EXERCISE PROMPT. For the listing below, return the line containing "Escenario frente a catedral", the line containing "Плотные Считываемые RFID-метки", and all lines in between, exactly as written and nothing else.

SUPPLIED MATERIAL.
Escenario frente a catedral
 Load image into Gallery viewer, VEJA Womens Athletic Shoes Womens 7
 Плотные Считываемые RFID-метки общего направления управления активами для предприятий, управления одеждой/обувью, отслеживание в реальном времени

...

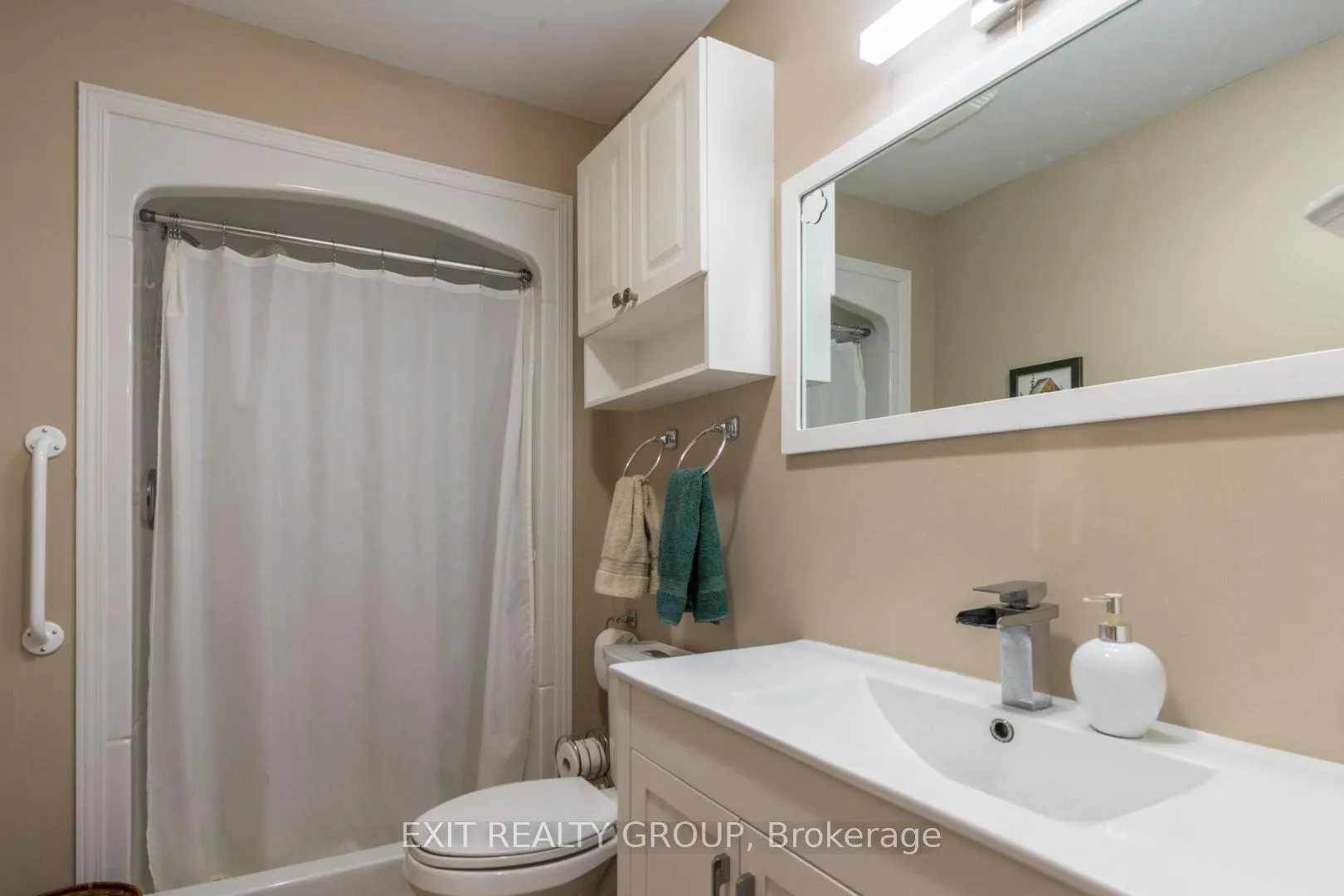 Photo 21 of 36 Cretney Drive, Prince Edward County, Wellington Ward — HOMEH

---

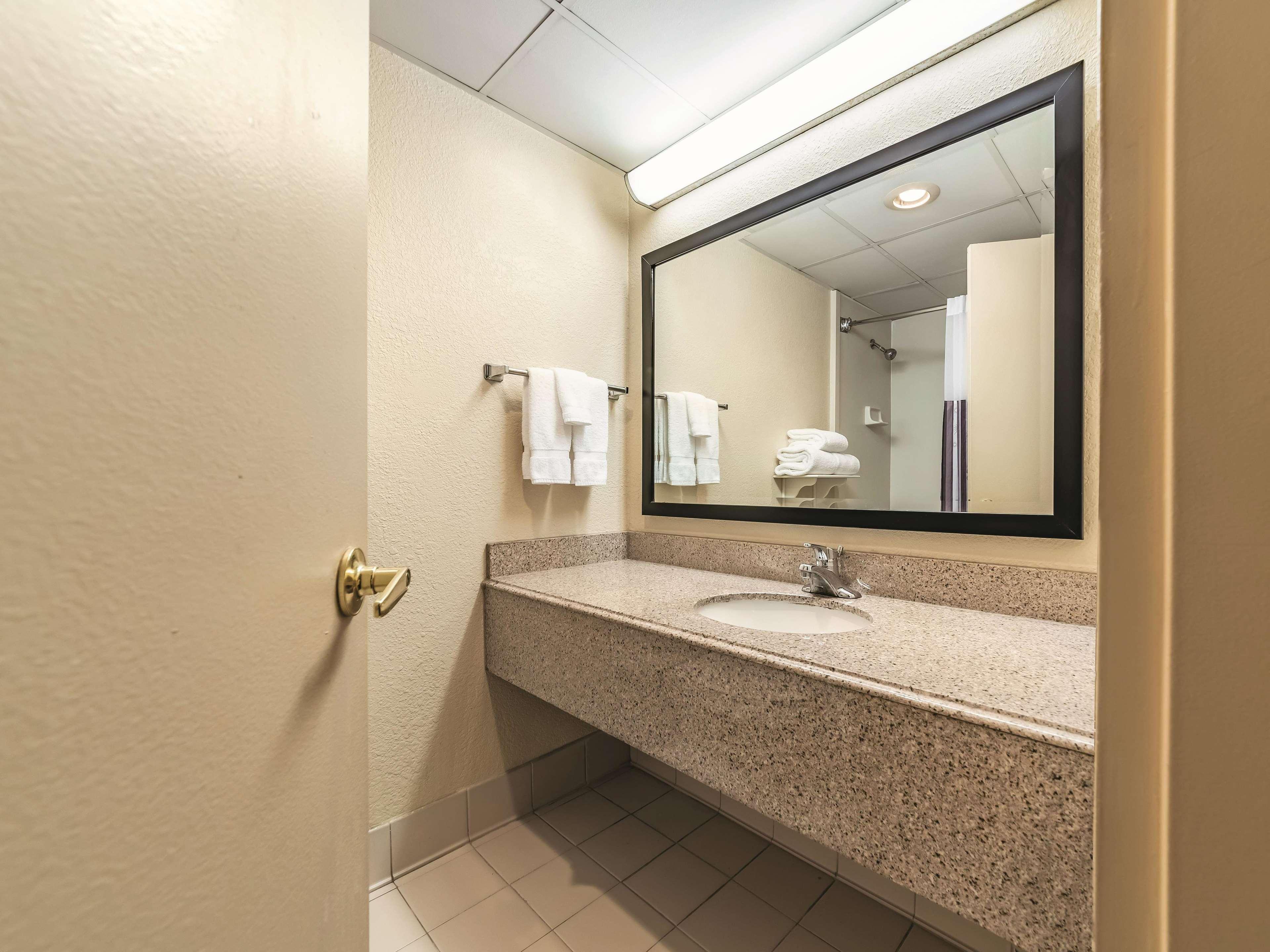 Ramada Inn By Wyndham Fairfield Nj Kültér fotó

RESPONSE TO THE EXERCISE.
Escenario frente a catedral
 Load image into Gallery viewer, VEJA Womens Athletic Shoes Womens 7
 Плотные Считываемые RFID-метки общего направления управления активами для предприятий, управления одеждой/обувью, отслеживание в реальном времени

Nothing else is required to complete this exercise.